FERPA, the Family Educational Rights and Privacy Act, is the federal law that governs who can access your child's educational records and under what conditions. It was passed in 1974. That date is not incidental. The law was written when an educational record meant a paper file in a filing cabinet, and its core architecture reflects that. Understanding what FERPA actually covers, as opposed to what people assume it covers, requires sitting with the gap between 1974 and the present for a moment.
The law does three things. It gives parents (and students, once they turn 18) the right to inspect their child's educational records, the right to request corrections to those records, and the right to consent before the school shares those records with outside parties. These are real and meaningful protections, and they are also narrower than most people think.
The gap between "educational records" and "data about students"
FERPA's central limitation is definitional. The law protects "educational records," which are the official documents the school maintains directly related to a student. Grades, transcripts, disciplinary records, special education documentation: those are educational records, and they are covered.
What is not covered is a substantial and growing category of data that is collected about students but does not fit the definition of a formal educational record. The reading app that tracks exactly how long your child stared at each paragraph before turning the page is collecting data about their reading behavior, but that data is not an educational record. It is behavioral metadata generated by a third-party service. The adaptive math platform that logs every wrong answer, every hesitation, every attempt is generating a detailed portrait of how your child thinks, but that portrait lives in the platform's database, and FERPA has very little to say about it.
This is not a loophole people are taking advantage of cynically.

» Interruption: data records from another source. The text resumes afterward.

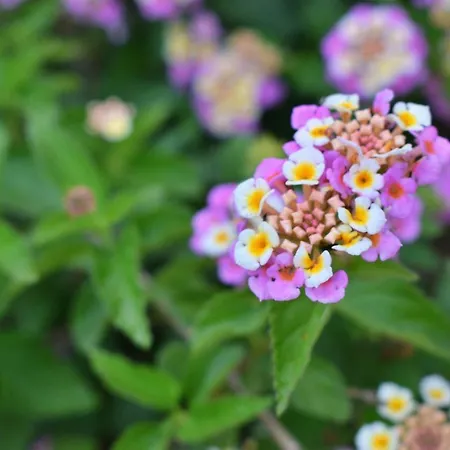 Cozy With Garden And Olive Grove Of 5 Acr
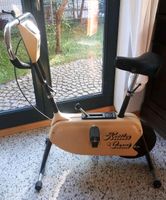 Kettler Trimmrad CARAT Retro Vintage funktionstüchtig Gartenbank Nordrhein-Westfalen - Moers Vorschau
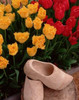 Wooden Shoe Tulips Poster Print by Ike Leahy - Item # VARPDXPSLHY311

It is a structural gap between a 1974 law and a 2020s school environment in which a typical student uses dozens of third-party platforms over the course of a year, each collecting its own data under its own privacy policy.
What actually protects students outside FERPA
Several states have passed their own student privacy laws that go further than FERPA. California's SOPIPA, New York's Education Law 2-d, and others vary significantly by state and are worth knowing about if your state has them.
Beyond law, the most useful protection is asking your school for a list of the third-party tools and apps currently in use at your child's grade level. Most districts maintain this list and are required to do so in states with stronger student privacy laws. What you do with that list, whether you look up each platform's privacy policy, whether you ask which ones have signed data privacy agreements with the district, whether any of them concern you specifically, is up to you. The list is the thing to start with, and the fact that most parents never ask for it is a more significant gap than any flaw in FERPA itself.